Daí o meu olhar agudo para os ciganos. Para o modo como eles assentavam-se, sempre provisoriamente, em Resende Costa. Isso se dava lá no Cruzeiro, perto do grande barranco e do campo de futebol, na saída para o Ribeirão de Santo Antônio e para o Curralinho dos Paula. Eu passava por perto com medo, escondido entre moitas. Namorava suas panelas e apetrechos, com o receio de eles me confundirem com tudo aquilo, me considerarem também da posse deles e me levarem para bem longe, para onde impossíveis aos olhos protetores dos meus pais.

E nas aulas de Geografia e História, quando se discutia sobre o êxodo rural, sobre as migrações no nosso imenso país, eu sentia a desproteção de muitos compatriotas. Famílias inteiras iam saindo de seus lugares, dos seus recantos, buscando vida outra, talvez melhor, nem que fosse no sonho. Lembro, assim, que meus irmãos mais velhos fizeram o mesmo nos anos de 1980. Saíram de Resende Costa para São Paulo, naquela euforia da época. Jovens do Brasil imenso e interiorano iam para a metrópole afundar-se entre concreto armado, poluição, trânsito e sonhos de uma vida melhor. Lembro minha mãe ansiosa por cartas, que viajavam muito para chegar a seus destinos, trazendo notícias dos filhos distantes. As comunicações demoravam tanto, mas acho que eram de fato pontes entres as pessoas. Hoje, tudo tão rápido, tudo um flash, que não sei mais se estamos nos comunicando a contento pelos e-mails, pelos aplicativos e pelas redes sociais. As cartas demoravam, mas iam e vinham, falando dos esforços de meus irmãos na grande São Paulo. E lembro minha mãe chorando ao lê-las; e pegando decidida, logo após, a caneta e folhas de caderno para responder à prole. E não demorava para levar sua missiva à agência dos Correios. Eu mesmo, em meados dos anos 1990, troquei cartas com minha mãe. Isso quando computador era coisa para pouquíssimos. Ela em Resende Costa, eu em Belo Horizonte – e as cartas sendo aliança entre nós.
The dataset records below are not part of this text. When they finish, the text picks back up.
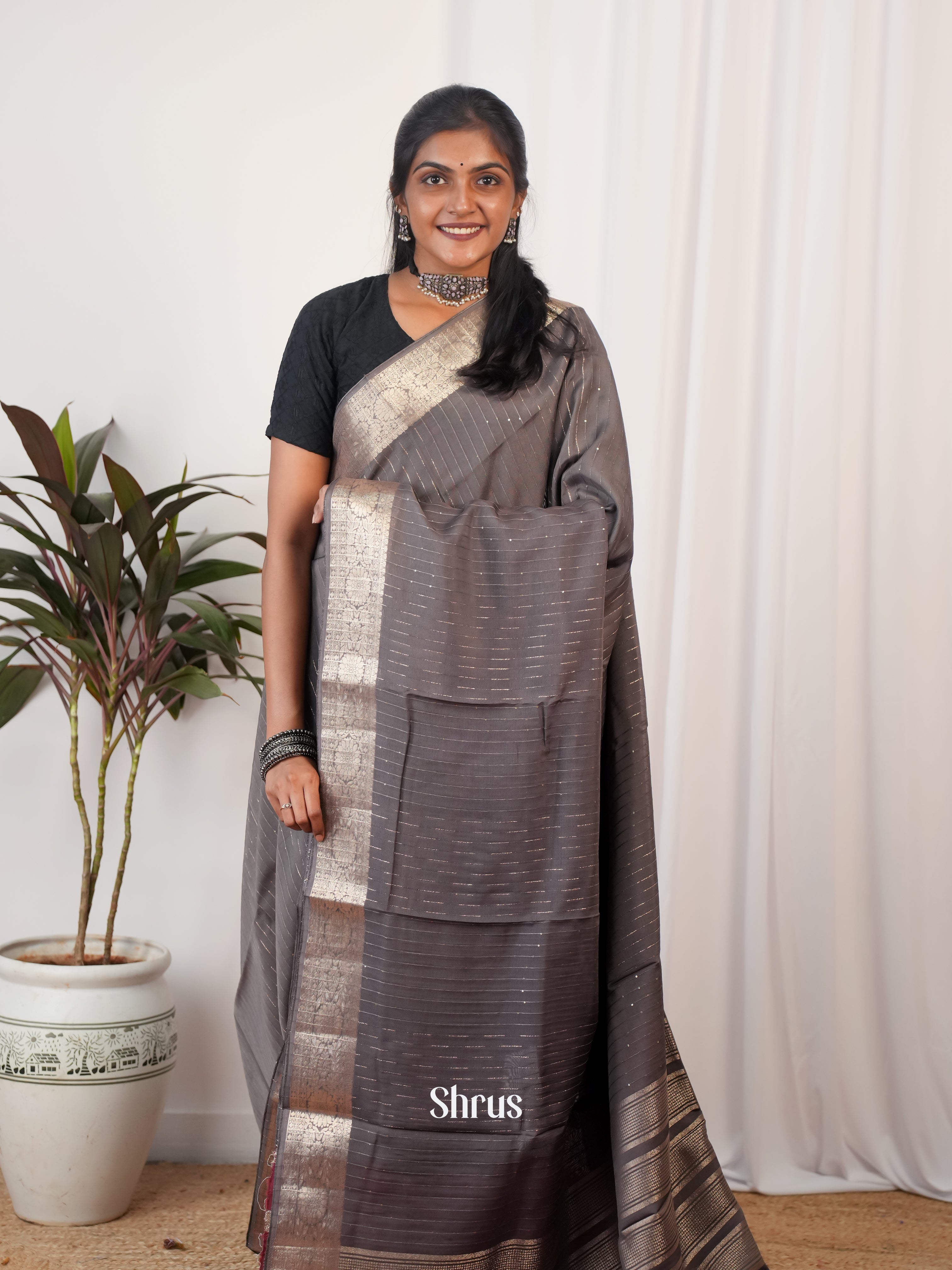 Grey & Maroon - Semi Georgette saree - Shop on Shrus.com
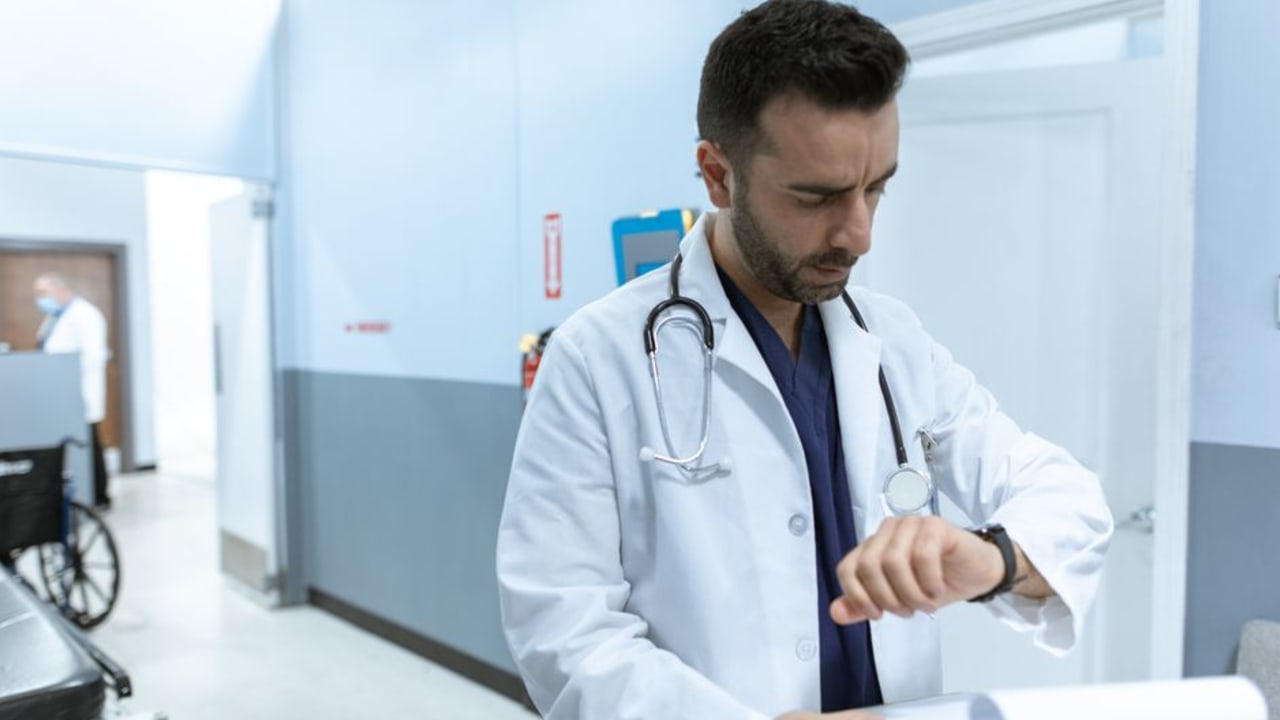 clinic CMO registration checklist — Is Your Clinic Ready for 2026? Your CMO Registration Checklist | Register Clinic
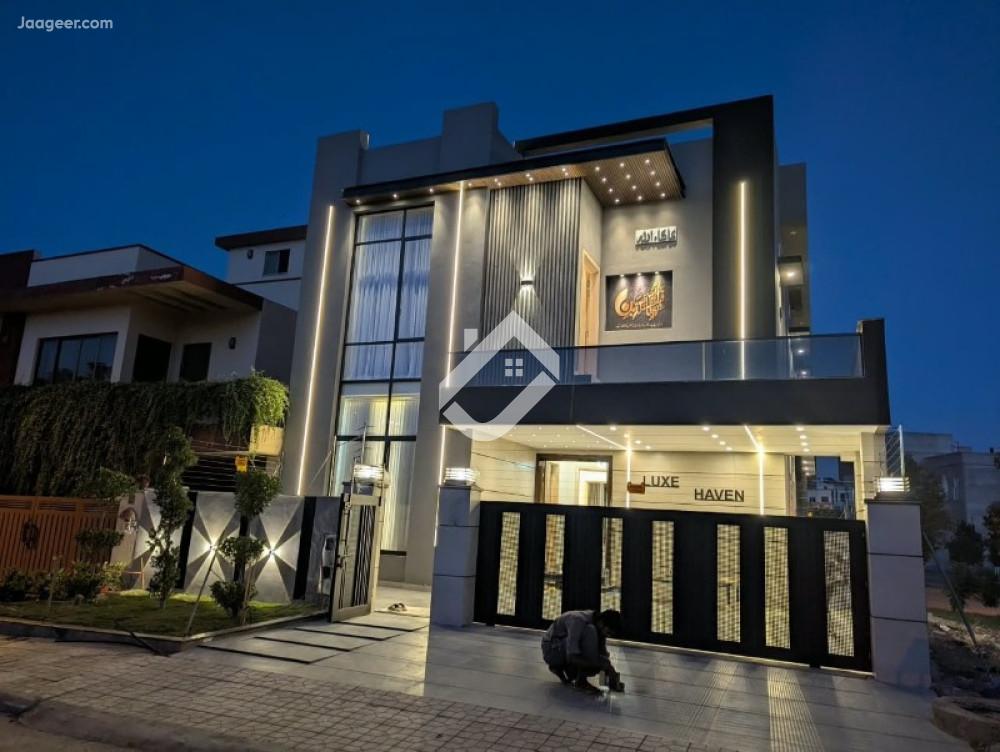 10 Marla Double Unit House For Sale In Bahria Town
Lembro-me também, e não me esqueço jamais, de todos e de tudo lá em casa, no povoado do Ribeirão, nos ajuntando em mudança para a Vila. Lugar aonde eu já tinha ido algumas vezes e me deslumbrado com as luzes nos postes acesas. No Ribeirão era tudo escuro nas noites de lua escondida, a lua morando longe de nós. Na vila, os poucos postes de luz davam ao mundo um ar de falta de medo, de ofuscamento das tristezas, de fechamento dos caminhos da morte. No caminhão fomos todos, para mudar de vida: porcos, galinhas, gamelas, feijão, peneiras, móveis, pilão, bacias, moinho de café, penicos, debulhador de milho, filhos, filhas, enxovais, roupas, lamparinas, colchões, rolo de fumo, os cachorros Preto e Veludo... E regendo essa orquestra tão vária, segurando a batuta com ânimo, lá iam conosco também os nossos pais, os valentes Jesus (Seu Didi) e Laura. Os dois do mesmo modo eram músicos, e mestres, na banda da vida tão bela, na banda da vida tão nua, na banda da vida tão crua.
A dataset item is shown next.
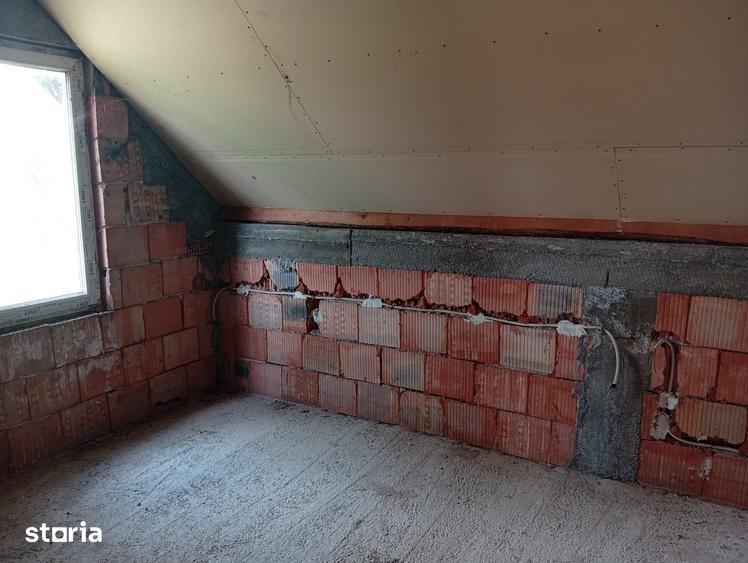 Casă cu 7 camere cu Teren 4500 Mp în Iratoșu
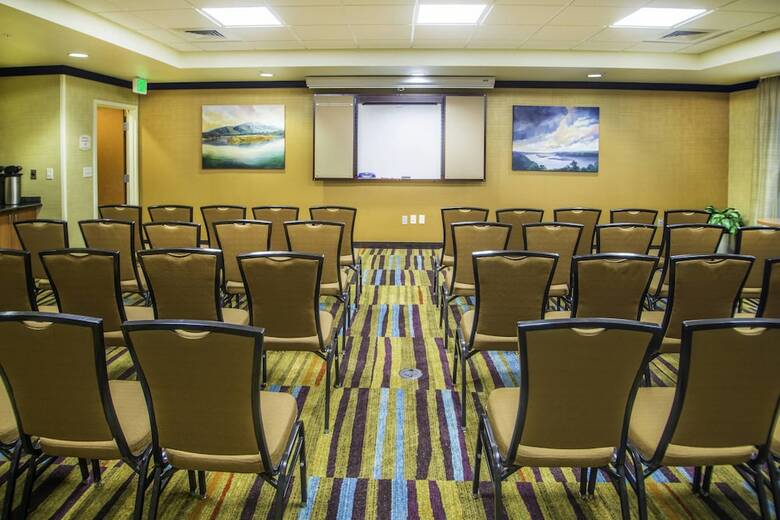 Hotel Fairfield Inn And Suites By Marriott Burley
E a dança seguiu os seus passos, como a água leva detritos. A casa nova. A rua descalça. O barranco de lixo queimando-se, que dava acesso à nossa rua. As poucas e olheiras casas. As pessoas tomando fresca à noite e falando da vida alheia. Os casais de namorados e seus desejos quentes e irrefutáveis. A meninada brincando com os cachorros e gatos na rua, todos alegres e sendo uma coisa só, bonita de se ver. A vida dançando como se deve.
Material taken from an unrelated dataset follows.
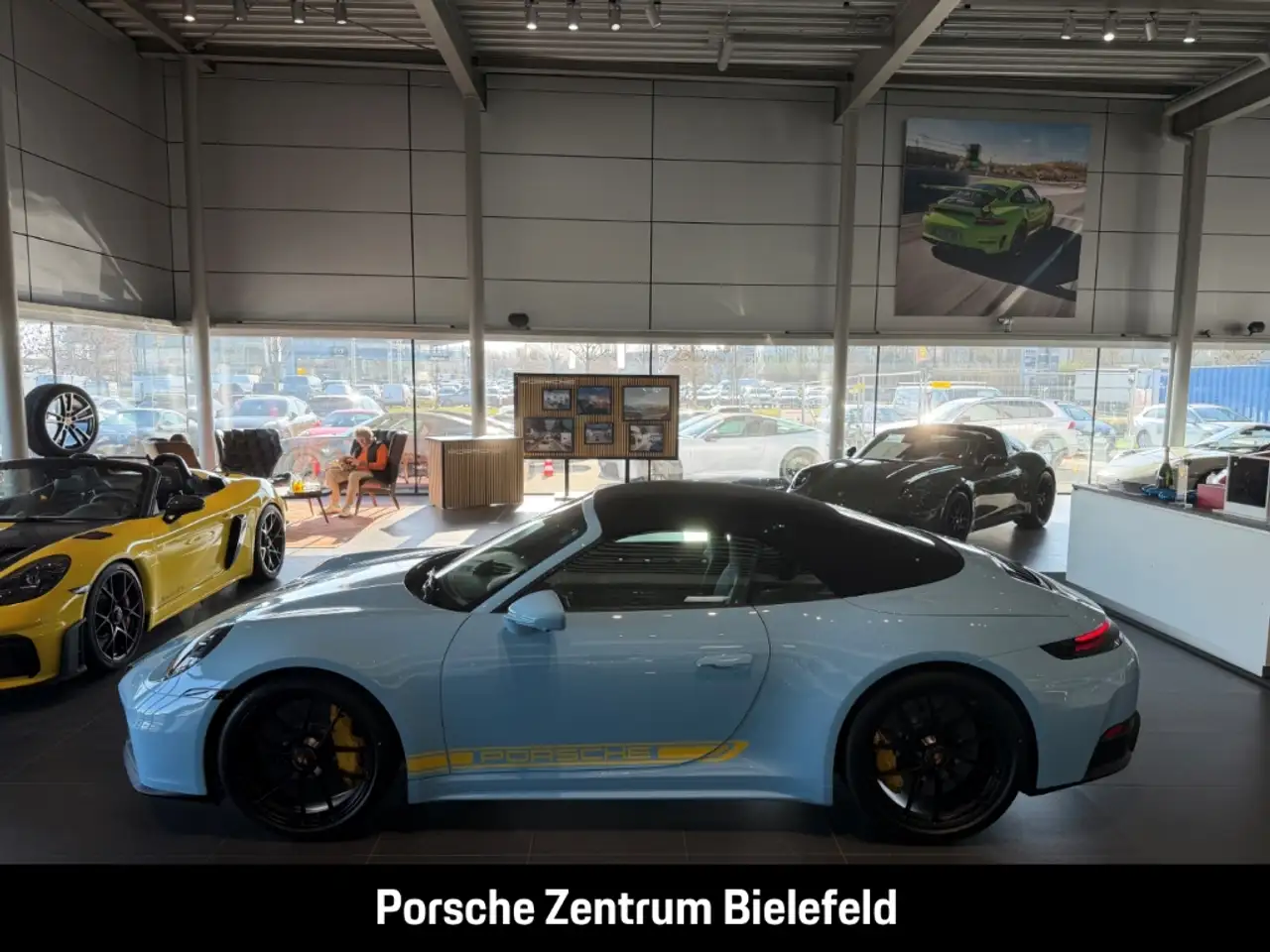 Porsche 992 911 2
E como se deve, eu lembro. Sempre vejo tudo, mesmo que por fragmentos pescados aqui e ali. Recordo para não morrer. A cor do que lembro é dúbia, é cinza e vermelha. Não existem paraísos perdidos, que esses não grassam na vida, senão nos mitos que construímos. Mas na pesca que realizo, fisgo também momentos de paraíso. O passado existe e é forte. Olhando para ele, construo raízes para esta vida cigana, para esta vida passando.